Aunque muy novelada, esta versión presenta un interés histórico real en la medida en que resulta verosímil que refleje lo que contaron en realidad por las calles de El Cairo nada más suceder el drama, en abril de 1257.

Sea como fuere, tras la desaparición de ambos soberanos, el joven hijo de Aibek se instala en el trono, aunque no por mucho tiempo, ya que a medida que se va concretando la amenaza mogola, los jefes del ejército egipcio se van dando cuenta de que un adolescente no puede asumir la responsabilidad del combate decisivo que se está preparando. En diciembre de 1259, en el momento en que las hordas de Hulagu comienzan a caer sobre Siria, un golpe de Estado lleva al poder a Qutuz, un hombre maduro, enérgico, que habla en el acto el lenguaje de la guerra santa y llama a la movilización general contra el invasor enemigo del Islam.

Desde la perspectiva histórica, el nuevo golpe de Estado de El Cairo aparece como una verdadera reacción patriótica. En el acto, el país se pone en pie de guerra. Ya en julio de 1260, un poderoso ejército egipcio penetra en Palestina para enfrentarse al enemigo.

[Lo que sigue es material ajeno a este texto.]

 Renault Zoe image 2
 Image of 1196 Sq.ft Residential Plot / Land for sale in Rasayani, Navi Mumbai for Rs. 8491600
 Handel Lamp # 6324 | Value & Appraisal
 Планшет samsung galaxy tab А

Qutuz no ignora que el ejército mogol ha perdido la mayor parte de sus efectivos desde que al morir Mangu, khan supremo de los mogoles, su hermano Hulagu ha tenido que regresar con su ejército para participar en la inevitable lucha sucesoria. Nada más tomar Damasco, el nieto de Gengis Khan ha salido de Siria y no ha dejado en este país más que a unos miles de jinetes al mando de su lugarteniente Kitbuka.

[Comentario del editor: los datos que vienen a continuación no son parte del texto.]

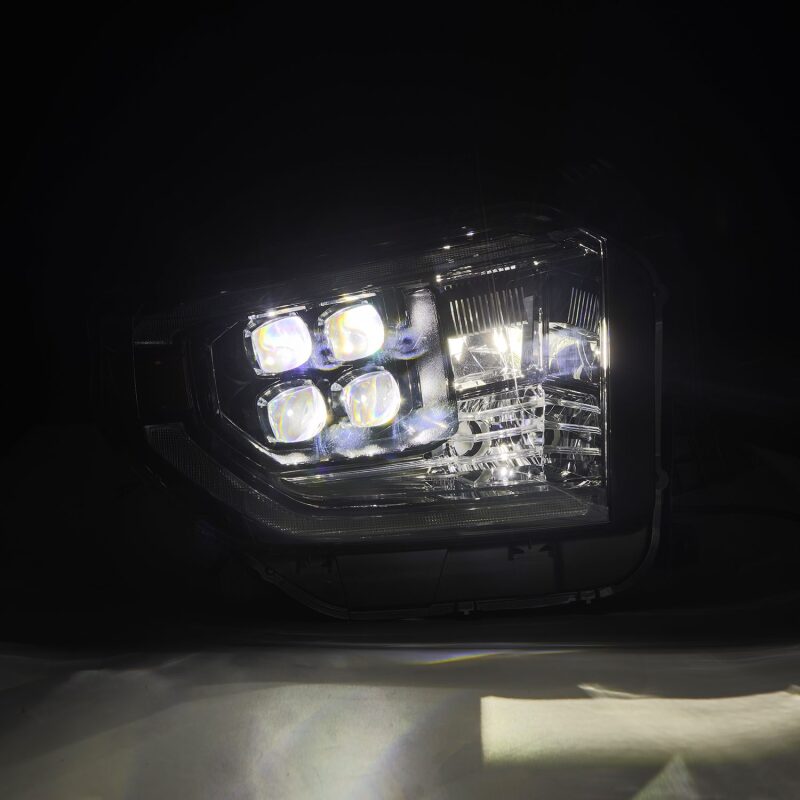 Load image into Gallery viewer, Alpharex 880832 ARX NOVA Headlights
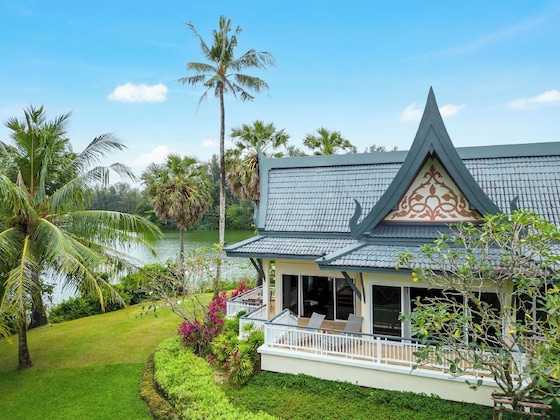 Gallery - Saii Laguna Phuket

El sultán Qutuz sabe que es el momento oportuno de asestar un golpe al invasor. El ejército egipcio empieza, pues, por atacar a la guarnición mogola de Gaza que, en desventaja numérica, apenas resiste. Luego los mamelucos avanzan hacia Acre, pues no ignoran que los frany de Palestina se muestran más reticentes que los de Antioquía respecto a los mogoles. Algunos de sus barones aún se alegran de las derrotas del Islam, pero la mayor parte están atemorizados por la brutalidad de los conquistadores asiáticos. Por tanto, cuando Qutuz les propone una alianza, no se niegan: no están dispuestos a participar en los combates, pero tampoco se oponen a dejar que el ejército egipcio cruce por sus tierras ni a permitir su avituallamiento. De este modo, el sultán puede avanzar hacia el interior de Palestina e incluso hacia Damasco sin tener que proteger su retaguardia.

Kitbuka se está preparando para dirigirse a su encuentro cuando estalla una insurrección popular en Damasco. Los musulmanes de la ciudad, hartos de los abusos de los invasores y animados por la marcha de Hulagu, levantan barricadas en las calles y prenden fuego a iglesias que habían respetado los mogoles. Kitbuka va a necesitar varios días para restablecer el orden, lo que le permite a Qutuz consolidar sus posiciones en Galilea. Ambos ejércitos se encuentran cerca de la aldea de Ain Yalut, «la fuente de Goliat», el 3 de septiembre de 1260. A Qutuz le ha dado tiempo a esconder la mayor parte de sus tropas y no ha dejado en el campo más que a una vanguardia al mando del más brillante de sus oficiales, Baybars. Kitbuka llega apresuradamente y, como está mal informado, cae en la trampa. Se lanza con todas sus tropas al ataque. Baybars retrocede pero, mientras lo persigue, el mogol se ve de repente rodeado por todas partes de fuerzas egipcias más numerosas que las suyas.

En unas horas, la caballería mogola queda exterminada. Capturan al propio Kitbuka al que decapitan en el acto.

Al atardecer del 8 de septiembre, los jinetes mamelucos entran como liberadores en un Damasco alborozado.